Gedanken zum „Vollkommenen Markt“

Während meines Ökonomik-Studiums haben wir uns intensiv mit der Theorie des „Vollkommenen Marktes“ und seinen Voraussetzungen auseinandergesetzt. Die Grundaussage war stets, dass nur die „Vollkommene Konkurrenz“ für ein gesamtgesellschaftliches Wohlstandsmaximum sorgen kann. Die Frage, die ich mir dabei immer gestellt habe, ist: Ist das tatsächlich immer der Fall? Kann ich mit den gegebenen Voraussetzungen eine Alternative mit gleichem Ergebnis erzeugen? Also sind die Vorannahmen des „Vollkommenen Marktes“ so gefasst, dass sie automatisch zur Effizienz führen?

Zuerst also die Vorannahmen:
• Vollständige Information
• Vollständige Verträge
• Gleiche Präferenzen
• Homogene Güter
• Unendliche Anpassungsgeschwindigkeit der Preise
• Keine Transaktionskosten

Einige der Vorannahmen bedingen einander. So sind z.B. vollständige Verträge nur dann möglich, wenn es keine Transaktionskosten gibt. Einfach aus dem Grund, weil ich nur dann die Dauer der Verhandlung und die dadurch entstehenden Kosten (Anwälte etc.) vernachlässigen kann. Als weitere Annahmen gehe ich von einer geschlossenen Volkswirtschaft aus.
Anstelle der „Vollkommen Konkurrenz“ gehe ich jetzt von einem Wirtschaftssystem aus, bei dem zentral produziert wird. Die Bevölkerung dieses Staates/dieser Gesellschaft bestimmt in Verhandlungen darüber, was in welchen Mengen produziert und wie es verteilt wird. Jeder Bürger hat ein Veto-Recht, kann also mit einem einfachen „Nein“ die ganze Produktion bzw. Verteilung verhindern. Der Produktions- bzw. Verteilungsvertrag ist demnach ein „Vollständiger Vertrag“ im obigen Sinne, der zustande kommen kann, da es keine Transaktionskosten gibt. Die „vollständigen Informationen“ sorgen dafür, dass jeder Marktteilnehmer weiß, was der „Preis“ des anderen ist, um dem Produktions-/Verteilungsvertrag zuzustimmen.

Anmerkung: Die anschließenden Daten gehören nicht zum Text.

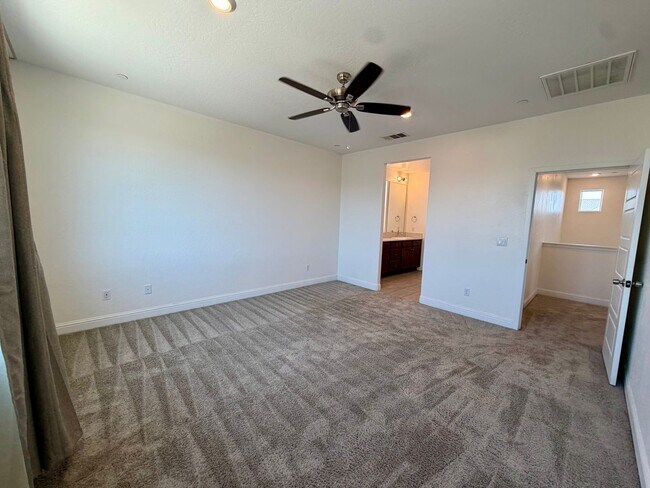 Building Photo - Spacious Next-Gen Lennar Home for Rent in the Clovis Unified School District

Das Ergebnis ist hinsichtlich der Effizienz gleich demjenigen unter „Vollständiger Konkurrenz“ allerdings egalitärer (aber nicht egalitär). Das muss auch zwangläufig so sein. Die Verhandlungen, die vorher zwischen einzelnen Geschäftsleuten auf dem „Markt“ stattgefunden haben, werden nun lediglich in ein anderes Umfeld verlegt. Es wird unter den gleichen nutzenmaximierenden Prämissen verhandelt und ebenso ergeben sich „Gleichgewichte“. Der Wechsel vom Privateigentum zu Gemeineigentum hat unter den getroffenen Annahmen keine Auswirkungen auf die Effizienz.

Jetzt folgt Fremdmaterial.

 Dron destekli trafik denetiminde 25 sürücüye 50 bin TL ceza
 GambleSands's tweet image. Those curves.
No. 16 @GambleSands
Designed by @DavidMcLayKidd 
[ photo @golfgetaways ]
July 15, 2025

Wie realistisch sind solche Wirtschaftssysteme?
Historisch betrachtet, hat es tatsächlich vergleichbare Wirtschaftsordnungen gegeben. Die präkolonialen Kulturen Afrikas und Amerikas haben teilweise ihre Wirtschaft so gestaltet. Wie bei den real existierenden „Marktwirtschaften“ entsprachen auch diese Systeme selten bis gar nicht der oben beschriebenen Reinform, sondern waren häufig Hybriden unterschiedlichster Wirtschaftsordnungen. Z.B. wurden Güter privat produziert, anschließend kollektiv gesammelt und nach gemeinsamer Absprache verteilt. In anderen Gesellschaften war es durchaus üblich die Verteilung vor einer gemeinsamen Produktion zu bestimmen – etwa, aber nicht nur bei Jagdgesellschaften.

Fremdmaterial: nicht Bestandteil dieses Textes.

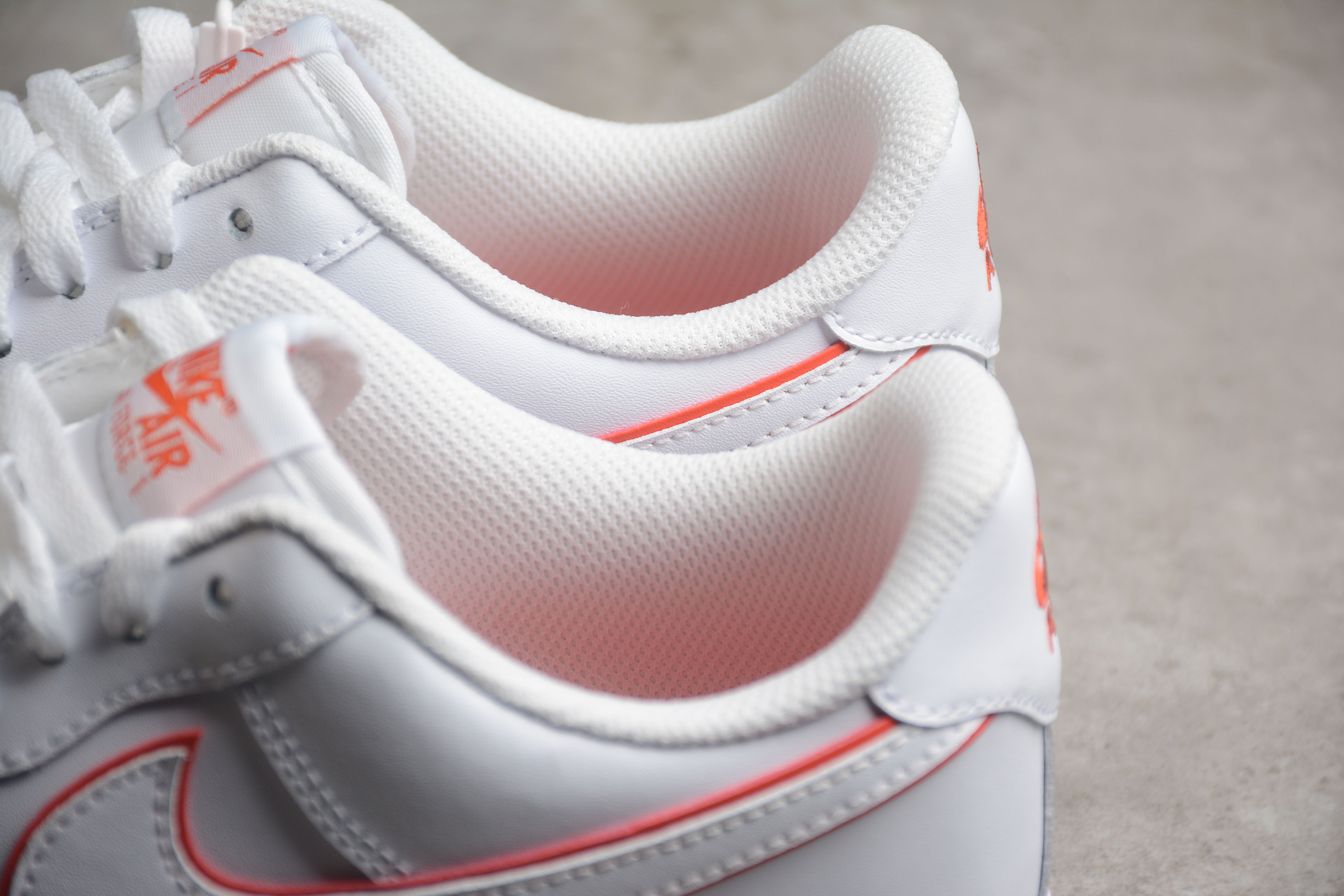 NikeUnisex Air Force 1 AF1 Low - White/Red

Die meisten dieser Gesellschaften existieren heute nicht mehr, obwohl sie zu ihrer Zeit den Bedürfnissen ihrer Mitglieder entsprochen haben. In der Regel wurden sie durch militärische Aktionen europäischer Mächte zur Annahme der europäischen Wirtschaftsordnungen (die damals in der Regel keine marktwirtschaftlichen im heutigen Sinne waren) gezwungen.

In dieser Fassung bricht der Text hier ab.